Week of cultural activities in Catalonia. World Book Day

Is been told in the legend that the most beloved princess of the town, was given to a dragon which frightened them, because there were no sheep enough to feed him. Saint George, valiant knight, was in the vicinity of the village and after hearing about the news, unable to allow that, faced the beast. He struck him with a sword and wounded the dragon fatally. Blood gushed from the wound that, at the feet of the knight, became a bright puddle where precious red roses bloomed.

Here was where the tradition of giving, every April 23, the day of saint knighted, a red rose to every beloved woman, was born. To this was added, years later, the present of a book to men, in commemoration of the celebration of World Book Day in honour of the death of two major milestones of literary history, William Shakespeare and Miguel de Cervantes, dead on April 23, also according to the legend.


Generations of parents and children have heard about the legendary knight and the dragon killing, but if there is a land that traditionally has taken the reins of the festival, that has been Catalonia. In our lands, each 23 of this month, although not listed as a national holiday, the crowd is organized to go out and expose, on a claim way somehow, liveliness and brilliance of a celebration that combines tradition, culture and gastronomy typical. Maximum exponent of a unique day, the city of Barcelona assumes the primary role of the historical date and includes in its most emblematic streets –Las Ramblas and surroundings-, hundreds of stands where buying roses and stalls where not only books but also their authors, are the main focus of attention of visitors and of the people of this small country. Activities related to cultural leisure, such as the mythical reading of the legend of Saint George, concerts, literary events in libraries and a long list of events, come together in the Catalan calendar every April 23.

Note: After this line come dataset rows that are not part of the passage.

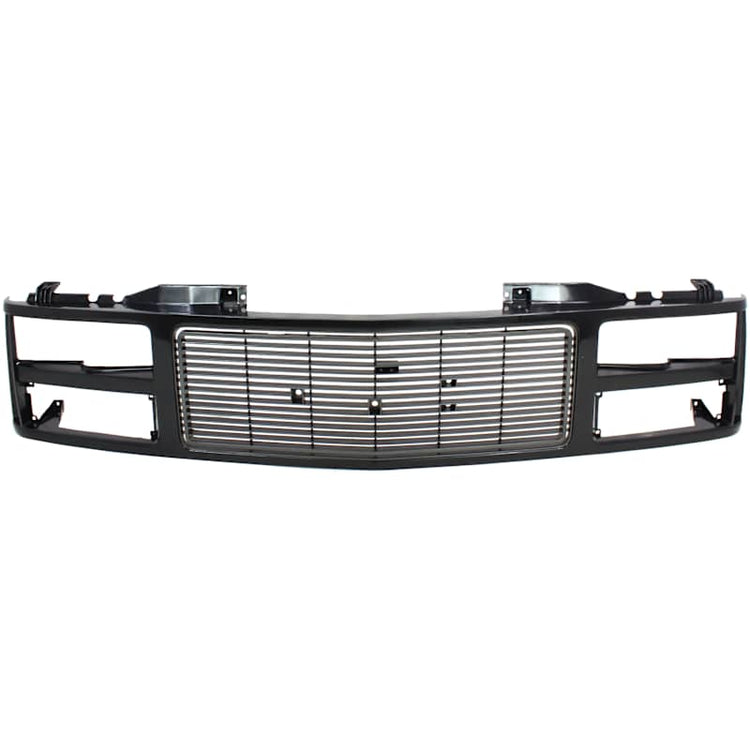 OBS Grills
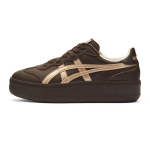 Onitsuka Tiger Tokuten Chunk Mood Retro Vastupidavad Madalad Vabaajajalatsid Unisex toss 1183C560-200 37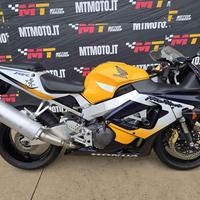 HONDA CBR 900 RR Fireblade sc44 929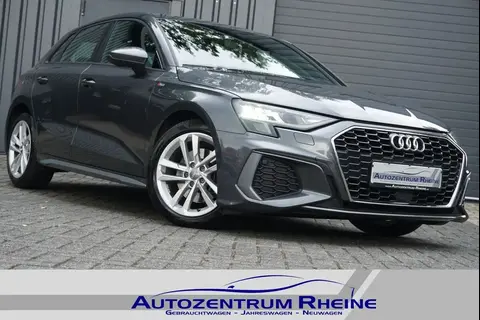 Annonce AUDI A3 Diesel 2020 d'occasion 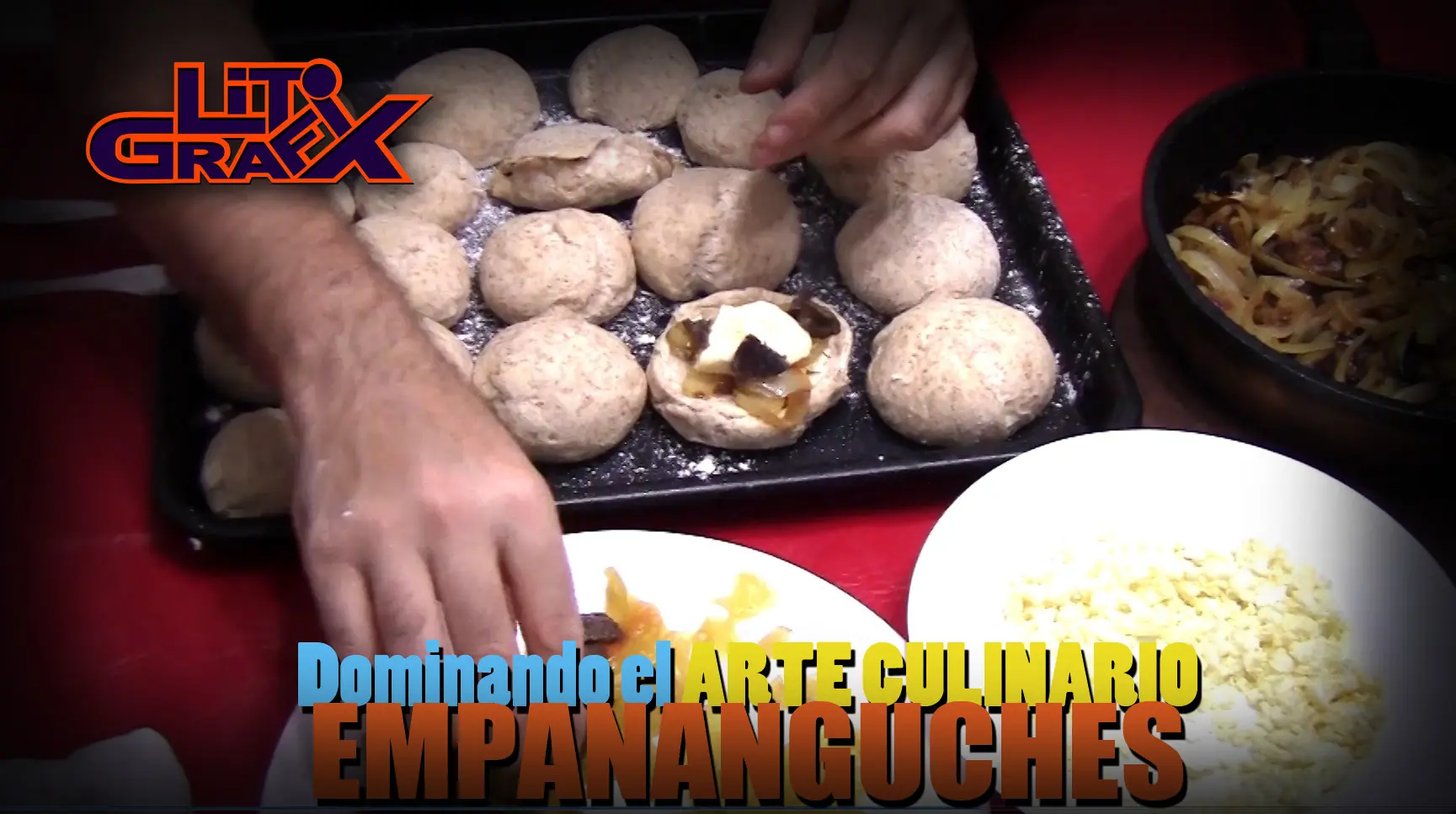 recetas faciles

And while the popularity of this feast is established in our community on the Mediterranean, there are many countries that pay honour to Saint George and which have in this saint, its patron. Within the Spanish geography, communities such as Aragon, Caceres or Santurce (Vizcaya) celebrate, in a different way of Catalan people (also adopted by the Balearic Islands and Valencia), the sanctification of this knight, who carried the recovery of these lands to the Christians against Muslims in times of the reconquest thousand years ago. But if there is a country that pays tribute to its patron and which has the greatest international impact of this celebration, this is England. Most important festival, April 23 became the day of national pride for the English. An essential date in order to imbibe good English culture, attending to any of the sports tournaments of football, cricket or rugby organized as part of the cultural celebrations of one of the oldest traditions of England, or coming near to English food festivals where you can taste traditional sweets, cheeses and beers; and attend to theatrical performances coincide with the celebrations for the anniversary of the death of Shakespeare, whom the English people also pays tribute.

Who was going to tell to this gentleman, Roman military and Greek and Turkish origin, he would end up becoming a hero of a legend, despite actually being a martyr who was beheaded for not renege on his strong Christian faith.

At the moment, although the true story treats him so, we will continue living this feast with the cultural connotation that after years and years, has settled in our lands and has taken a toll on the lives of people in each of these regions that celebrate, as well as they know, the feast; in a festive atmosphere where the cultural values and feelings of a nation to defend a lifestyle and kindness and sociability of people, come together.



Avant Grup, transport service supplier with different cultural and sporting entities of our country, echoes the traditions and culture to coincide with a Saint George’s Day where the protagonists are the book and the rose….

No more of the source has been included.